Economists estimate that the non-farm payrolls in November will increase by at least 0.1 million people...
Last week, the number of initial jobless claims in the usa unexpectedly declined, indicating that non-farm data in November could rebound after a sharp slowdown in employment growth last month caused by hurricanes and strikes.
The Department of Labor reported on Thursday that for the week ending November 16, initial jobless claims decreased by 6,000, seasonally adjusted to 0.213 million, below the market expectation of 0.22 million.
This data's survey period includes the usa Veterans Day holiday, which may introduce some volatility. Despite a surge in jobless claims in early October due to the destruction caused by hurricanes Helen and Milton and a strike by workers at boeing and another aviation company, layoffs remain very low. This mitigates the impact of weak hiring on the labor market.
Initial jobless claims data covers the period in which the government conducts its business survey for non-farm payrolls in the November employment report.
Government data confirms that hurricanes Helen and Milton, along with strikes in the aviation industry, are the main reasons for the significant slowdown in employment growth in October. State employment and unemployment reports also show a continued slowdown in the labor market.
Economists estimate that the strikes and storms may have reduced last month's employment numbers by 0.1 million to 0.125 million. Non-farm payrolls in October increased by only 0.012 million, the smallest increase since December 2020, whereas September had an increase of 0.223 million.
The boeing strike ended earlier this month after workers accepted a new contract, and the hurricane-affected areas are also undergoing reconstruction. This creates a basis for at least 0.1 million job openings in November.
Next week's initial jobless claims may provide more information about the labor market conditions in November.

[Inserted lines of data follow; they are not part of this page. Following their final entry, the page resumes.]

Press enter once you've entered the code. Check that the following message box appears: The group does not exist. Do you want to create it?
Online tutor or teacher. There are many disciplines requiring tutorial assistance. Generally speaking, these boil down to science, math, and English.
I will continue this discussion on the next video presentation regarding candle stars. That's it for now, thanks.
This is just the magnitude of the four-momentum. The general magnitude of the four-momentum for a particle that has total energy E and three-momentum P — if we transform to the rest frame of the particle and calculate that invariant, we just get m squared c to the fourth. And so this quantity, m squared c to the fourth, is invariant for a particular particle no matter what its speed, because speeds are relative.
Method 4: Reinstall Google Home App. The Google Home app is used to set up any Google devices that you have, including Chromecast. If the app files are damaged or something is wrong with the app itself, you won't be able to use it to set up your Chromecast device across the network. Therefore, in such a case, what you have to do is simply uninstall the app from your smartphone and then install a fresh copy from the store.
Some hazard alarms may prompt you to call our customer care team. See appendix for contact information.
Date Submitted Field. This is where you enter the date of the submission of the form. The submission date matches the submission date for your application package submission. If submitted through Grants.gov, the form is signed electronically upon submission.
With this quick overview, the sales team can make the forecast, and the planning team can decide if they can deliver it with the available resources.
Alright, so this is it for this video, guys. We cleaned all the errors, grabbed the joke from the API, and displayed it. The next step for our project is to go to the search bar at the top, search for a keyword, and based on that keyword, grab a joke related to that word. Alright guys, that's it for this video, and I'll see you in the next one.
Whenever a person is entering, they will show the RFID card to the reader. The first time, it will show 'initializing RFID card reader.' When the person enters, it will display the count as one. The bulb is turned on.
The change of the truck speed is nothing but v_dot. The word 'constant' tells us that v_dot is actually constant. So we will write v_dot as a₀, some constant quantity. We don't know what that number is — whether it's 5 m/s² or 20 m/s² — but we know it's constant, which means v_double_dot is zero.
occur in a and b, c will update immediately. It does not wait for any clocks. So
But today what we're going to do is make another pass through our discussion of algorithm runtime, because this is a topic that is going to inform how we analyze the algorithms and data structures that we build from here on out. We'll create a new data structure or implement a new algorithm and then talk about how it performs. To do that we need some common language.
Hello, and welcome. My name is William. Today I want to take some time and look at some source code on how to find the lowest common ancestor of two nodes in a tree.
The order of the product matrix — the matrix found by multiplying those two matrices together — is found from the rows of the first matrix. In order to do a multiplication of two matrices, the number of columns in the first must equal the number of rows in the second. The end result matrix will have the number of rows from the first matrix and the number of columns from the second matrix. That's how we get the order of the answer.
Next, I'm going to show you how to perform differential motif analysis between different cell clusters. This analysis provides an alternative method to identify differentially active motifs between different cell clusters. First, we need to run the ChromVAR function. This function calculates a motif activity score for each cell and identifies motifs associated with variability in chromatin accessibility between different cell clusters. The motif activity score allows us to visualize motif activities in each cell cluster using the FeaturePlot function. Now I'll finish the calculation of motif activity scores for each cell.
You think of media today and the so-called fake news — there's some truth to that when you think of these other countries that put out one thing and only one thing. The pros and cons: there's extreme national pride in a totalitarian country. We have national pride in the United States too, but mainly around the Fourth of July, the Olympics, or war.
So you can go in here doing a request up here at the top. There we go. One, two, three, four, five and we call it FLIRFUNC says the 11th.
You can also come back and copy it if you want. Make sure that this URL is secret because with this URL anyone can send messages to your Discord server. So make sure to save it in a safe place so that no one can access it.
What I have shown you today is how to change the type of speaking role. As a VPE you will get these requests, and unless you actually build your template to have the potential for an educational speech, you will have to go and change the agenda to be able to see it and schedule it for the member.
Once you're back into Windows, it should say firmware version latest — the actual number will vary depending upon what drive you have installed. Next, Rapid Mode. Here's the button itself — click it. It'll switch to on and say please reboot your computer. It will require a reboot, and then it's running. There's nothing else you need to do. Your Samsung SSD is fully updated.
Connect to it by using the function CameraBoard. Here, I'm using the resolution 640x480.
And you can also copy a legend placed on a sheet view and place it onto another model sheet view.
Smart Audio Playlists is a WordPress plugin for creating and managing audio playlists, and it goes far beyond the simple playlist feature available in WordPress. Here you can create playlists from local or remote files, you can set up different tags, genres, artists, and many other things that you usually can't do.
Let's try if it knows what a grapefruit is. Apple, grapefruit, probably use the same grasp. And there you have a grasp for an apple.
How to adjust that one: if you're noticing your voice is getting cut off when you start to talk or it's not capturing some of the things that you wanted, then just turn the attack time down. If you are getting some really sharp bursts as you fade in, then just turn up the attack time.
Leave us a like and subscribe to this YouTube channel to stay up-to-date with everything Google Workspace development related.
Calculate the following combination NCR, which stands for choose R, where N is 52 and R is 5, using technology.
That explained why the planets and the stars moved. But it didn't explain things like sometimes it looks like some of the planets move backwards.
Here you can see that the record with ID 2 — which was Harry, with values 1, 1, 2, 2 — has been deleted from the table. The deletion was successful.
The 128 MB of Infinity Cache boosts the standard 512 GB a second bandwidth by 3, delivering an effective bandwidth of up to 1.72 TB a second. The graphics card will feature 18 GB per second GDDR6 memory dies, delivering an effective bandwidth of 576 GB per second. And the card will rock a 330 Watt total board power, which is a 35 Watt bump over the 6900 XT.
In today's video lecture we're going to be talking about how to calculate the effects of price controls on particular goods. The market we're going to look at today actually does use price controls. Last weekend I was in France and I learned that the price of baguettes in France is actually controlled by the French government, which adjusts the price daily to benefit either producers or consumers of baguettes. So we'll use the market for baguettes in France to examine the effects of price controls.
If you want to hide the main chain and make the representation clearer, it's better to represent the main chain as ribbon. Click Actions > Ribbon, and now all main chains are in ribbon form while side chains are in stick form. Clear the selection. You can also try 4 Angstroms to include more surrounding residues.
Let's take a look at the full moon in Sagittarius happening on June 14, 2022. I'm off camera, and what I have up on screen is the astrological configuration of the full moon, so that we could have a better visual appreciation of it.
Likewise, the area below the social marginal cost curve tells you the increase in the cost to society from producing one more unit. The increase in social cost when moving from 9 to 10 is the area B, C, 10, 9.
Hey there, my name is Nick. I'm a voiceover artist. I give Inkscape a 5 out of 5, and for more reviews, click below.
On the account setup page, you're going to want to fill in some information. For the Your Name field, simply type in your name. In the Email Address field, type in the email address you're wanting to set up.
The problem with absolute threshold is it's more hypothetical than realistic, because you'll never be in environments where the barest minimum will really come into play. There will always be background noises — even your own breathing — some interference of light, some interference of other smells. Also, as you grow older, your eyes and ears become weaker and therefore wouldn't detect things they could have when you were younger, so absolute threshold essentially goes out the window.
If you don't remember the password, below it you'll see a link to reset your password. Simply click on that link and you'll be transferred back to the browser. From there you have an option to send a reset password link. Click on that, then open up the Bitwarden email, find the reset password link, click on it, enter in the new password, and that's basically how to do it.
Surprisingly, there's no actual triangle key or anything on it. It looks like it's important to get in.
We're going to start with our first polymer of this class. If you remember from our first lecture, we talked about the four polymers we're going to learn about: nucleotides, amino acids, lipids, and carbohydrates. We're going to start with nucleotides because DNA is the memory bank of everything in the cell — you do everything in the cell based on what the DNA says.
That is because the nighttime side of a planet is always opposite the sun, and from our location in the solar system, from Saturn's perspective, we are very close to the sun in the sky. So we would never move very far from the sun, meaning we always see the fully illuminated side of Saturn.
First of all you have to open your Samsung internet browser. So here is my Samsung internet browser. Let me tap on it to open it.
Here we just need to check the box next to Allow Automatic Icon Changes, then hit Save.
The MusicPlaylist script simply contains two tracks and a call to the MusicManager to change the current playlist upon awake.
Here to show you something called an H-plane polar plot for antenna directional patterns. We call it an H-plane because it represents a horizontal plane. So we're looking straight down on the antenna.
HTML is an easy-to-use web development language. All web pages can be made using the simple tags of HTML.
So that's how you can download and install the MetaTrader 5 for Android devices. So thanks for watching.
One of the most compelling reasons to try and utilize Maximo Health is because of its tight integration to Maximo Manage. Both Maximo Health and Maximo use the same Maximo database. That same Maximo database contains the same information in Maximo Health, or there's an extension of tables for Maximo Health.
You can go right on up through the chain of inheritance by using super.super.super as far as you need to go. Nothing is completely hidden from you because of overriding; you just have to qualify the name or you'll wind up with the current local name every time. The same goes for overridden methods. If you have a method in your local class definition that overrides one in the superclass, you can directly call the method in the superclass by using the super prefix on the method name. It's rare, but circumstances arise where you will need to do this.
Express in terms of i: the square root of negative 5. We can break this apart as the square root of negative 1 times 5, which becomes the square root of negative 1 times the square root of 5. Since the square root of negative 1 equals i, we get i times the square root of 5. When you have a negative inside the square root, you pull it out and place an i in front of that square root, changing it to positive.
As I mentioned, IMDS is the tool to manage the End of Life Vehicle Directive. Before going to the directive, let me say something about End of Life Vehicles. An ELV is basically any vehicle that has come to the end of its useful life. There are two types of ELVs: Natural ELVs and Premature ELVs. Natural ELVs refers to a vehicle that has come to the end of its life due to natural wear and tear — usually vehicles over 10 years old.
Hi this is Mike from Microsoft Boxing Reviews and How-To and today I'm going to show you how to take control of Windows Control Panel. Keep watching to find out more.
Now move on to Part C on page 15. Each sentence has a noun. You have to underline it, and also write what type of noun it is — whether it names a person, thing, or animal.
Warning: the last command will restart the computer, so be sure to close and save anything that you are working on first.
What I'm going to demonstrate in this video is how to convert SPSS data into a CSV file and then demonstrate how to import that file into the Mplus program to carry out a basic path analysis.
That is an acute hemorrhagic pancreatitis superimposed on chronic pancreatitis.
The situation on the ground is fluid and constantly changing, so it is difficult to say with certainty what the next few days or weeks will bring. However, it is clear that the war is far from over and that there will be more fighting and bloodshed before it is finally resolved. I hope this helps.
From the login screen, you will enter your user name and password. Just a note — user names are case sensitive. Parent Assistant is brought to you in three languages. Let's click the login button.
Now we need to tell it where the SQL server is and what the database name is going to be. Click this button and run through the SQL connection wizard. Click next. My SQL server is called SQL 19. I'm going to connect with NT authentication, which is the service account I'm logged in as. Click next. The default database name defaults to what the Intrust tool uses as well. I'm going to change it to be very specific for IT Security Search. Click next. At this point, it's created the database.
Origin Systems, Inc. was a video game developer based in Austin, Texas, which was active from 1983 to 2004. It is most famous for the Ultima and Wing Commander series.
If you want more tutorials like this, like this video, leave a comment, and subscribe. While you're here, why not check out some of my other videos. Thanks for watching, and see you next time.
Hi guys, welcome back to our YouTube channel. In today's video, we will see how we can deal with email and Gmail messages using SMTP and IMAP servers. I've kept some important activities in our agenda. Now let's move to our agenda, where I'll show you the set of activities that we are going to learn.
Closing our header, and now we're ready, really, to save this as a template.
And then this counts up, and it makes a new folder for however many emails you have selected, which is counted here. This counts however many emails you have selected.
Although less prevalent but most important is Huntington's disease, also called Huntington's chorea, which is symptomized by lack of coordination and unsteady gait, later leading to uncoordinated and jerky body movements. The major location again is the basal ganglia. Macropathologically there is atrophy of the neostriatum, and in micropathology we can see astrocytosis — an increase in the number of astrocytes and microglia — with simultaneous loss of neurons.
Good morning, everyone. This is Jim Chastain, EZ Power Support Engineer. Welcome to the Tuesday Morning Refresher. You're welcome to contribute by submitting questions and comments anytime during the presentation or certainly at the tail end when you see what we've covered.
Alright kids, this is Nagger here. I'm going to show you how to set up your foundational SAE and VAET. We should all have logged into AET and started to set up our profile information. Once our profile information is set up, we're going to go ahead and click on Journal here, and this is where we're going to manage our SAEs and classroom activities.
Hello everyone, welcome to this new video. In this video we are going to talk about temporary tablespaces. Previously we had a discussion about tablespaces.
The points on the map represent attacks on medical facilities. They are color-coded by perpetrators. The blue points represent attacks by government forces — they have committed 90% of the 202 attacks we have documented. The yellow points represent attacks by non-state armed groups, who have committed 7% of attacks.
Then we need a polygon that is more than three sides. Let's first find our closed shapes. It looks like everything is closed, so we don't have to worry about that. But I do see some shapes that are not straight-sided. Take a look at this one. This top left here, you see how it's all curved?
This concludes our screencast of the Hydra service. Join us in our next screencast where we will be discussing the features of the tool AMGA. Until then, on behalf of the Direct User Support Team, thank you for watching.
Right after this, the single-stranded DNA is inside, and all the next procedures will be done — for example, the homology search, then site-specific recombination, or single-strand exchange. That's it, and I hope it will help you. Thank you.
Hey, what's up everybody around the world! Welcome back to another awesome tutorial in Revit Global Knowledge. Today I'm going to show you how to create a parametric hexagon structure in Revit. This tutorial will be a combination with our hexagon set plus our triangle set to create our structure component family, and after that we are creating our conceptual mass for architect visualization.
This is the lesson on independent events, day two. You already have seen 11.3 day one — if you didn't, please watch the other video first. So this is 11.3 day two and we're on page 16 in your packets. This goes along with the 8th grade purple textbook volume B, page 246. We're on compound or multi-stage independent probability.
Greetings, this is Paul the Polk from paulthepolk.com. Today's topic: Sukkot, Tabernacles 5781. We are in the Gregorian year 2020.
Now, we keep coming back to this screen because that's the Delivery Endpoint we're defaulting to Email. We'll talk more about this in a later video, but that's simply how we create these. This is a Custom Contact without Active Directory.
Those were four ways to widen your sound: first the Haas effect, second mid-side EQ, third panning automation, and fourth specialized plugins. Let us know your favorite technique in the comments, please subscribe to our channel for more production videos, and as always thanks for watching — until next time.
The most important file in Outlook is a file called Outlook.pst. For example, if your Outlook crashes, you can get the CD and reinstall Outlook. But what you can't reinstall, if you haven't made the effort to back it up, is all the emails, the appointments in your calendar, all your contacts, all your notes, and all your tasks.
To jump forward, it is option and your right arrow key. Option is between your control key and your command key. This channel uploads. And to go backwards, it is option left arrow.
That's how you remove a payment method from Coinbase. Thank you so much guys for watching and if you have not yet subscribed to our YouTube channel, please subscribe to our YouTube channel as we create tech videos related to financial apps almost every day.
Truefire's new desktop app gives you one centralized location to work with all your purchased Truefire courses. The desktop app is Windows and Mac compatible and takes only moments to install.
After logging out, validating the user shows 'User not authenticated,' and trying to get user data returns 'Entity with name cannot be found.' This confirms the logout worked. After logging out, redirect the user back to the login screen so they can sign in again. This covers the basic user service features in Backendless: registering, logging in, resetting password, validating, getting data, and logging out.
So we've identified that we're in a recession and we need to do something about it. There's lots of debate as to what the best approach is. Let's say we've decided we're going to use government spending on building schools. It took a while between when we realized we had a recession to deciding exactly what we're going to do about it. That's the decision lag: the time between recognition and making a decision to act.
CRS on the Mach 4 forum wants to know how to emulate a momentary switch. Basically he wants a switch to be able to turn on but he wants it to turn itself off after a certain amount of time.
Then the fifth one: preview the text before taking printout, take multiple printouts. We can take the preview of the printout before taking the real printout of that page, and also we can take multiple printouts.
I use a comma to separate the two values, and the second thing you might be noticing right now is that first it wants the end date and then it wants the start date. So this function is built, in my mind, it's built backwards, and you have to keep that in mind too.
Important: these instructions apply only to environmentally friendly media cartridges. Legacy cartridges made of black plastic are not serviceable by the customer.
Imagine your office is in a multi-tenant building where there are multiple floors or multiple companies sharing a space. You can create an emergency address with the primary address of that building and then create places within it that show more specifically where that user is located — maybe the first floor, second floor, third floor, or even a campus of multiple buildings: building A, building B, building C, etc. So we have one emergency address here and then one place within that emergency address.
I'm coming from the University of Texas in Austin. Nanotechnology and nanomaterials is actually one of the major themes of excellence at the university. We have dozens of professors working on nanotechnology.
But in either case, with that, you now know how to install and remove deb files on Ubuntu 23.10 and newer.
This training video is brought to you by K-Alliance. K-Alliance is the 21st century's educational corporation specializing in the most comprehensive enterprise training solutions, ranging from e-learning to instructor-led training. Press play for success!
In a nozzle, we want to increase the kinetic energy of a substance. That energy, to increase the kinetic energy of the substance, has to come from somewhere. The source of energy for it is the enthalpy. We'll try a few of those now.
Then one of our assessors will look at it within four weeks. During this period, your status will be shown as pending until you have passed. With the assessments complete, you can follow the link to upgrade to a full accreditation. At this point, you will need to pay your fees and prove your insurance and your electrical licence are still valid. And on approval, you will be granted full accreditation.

It is worth noting that the non-farm payroll report for November may determine whether the federal reserve will cut rates again in December, as previous data has indicated that progress in reducing inflation to its 2% target has stalled in recent months.
The federal reserve cut rates by 25 basis points earlier this month, lowering its benchmark federal funds rate to a range of 4.50% to 4.75%. The federal reserve unexpectedly made a significant cut of 50 basis points at the beginning of its easing cycle, marking the first reduction in borrowing costs since 2020.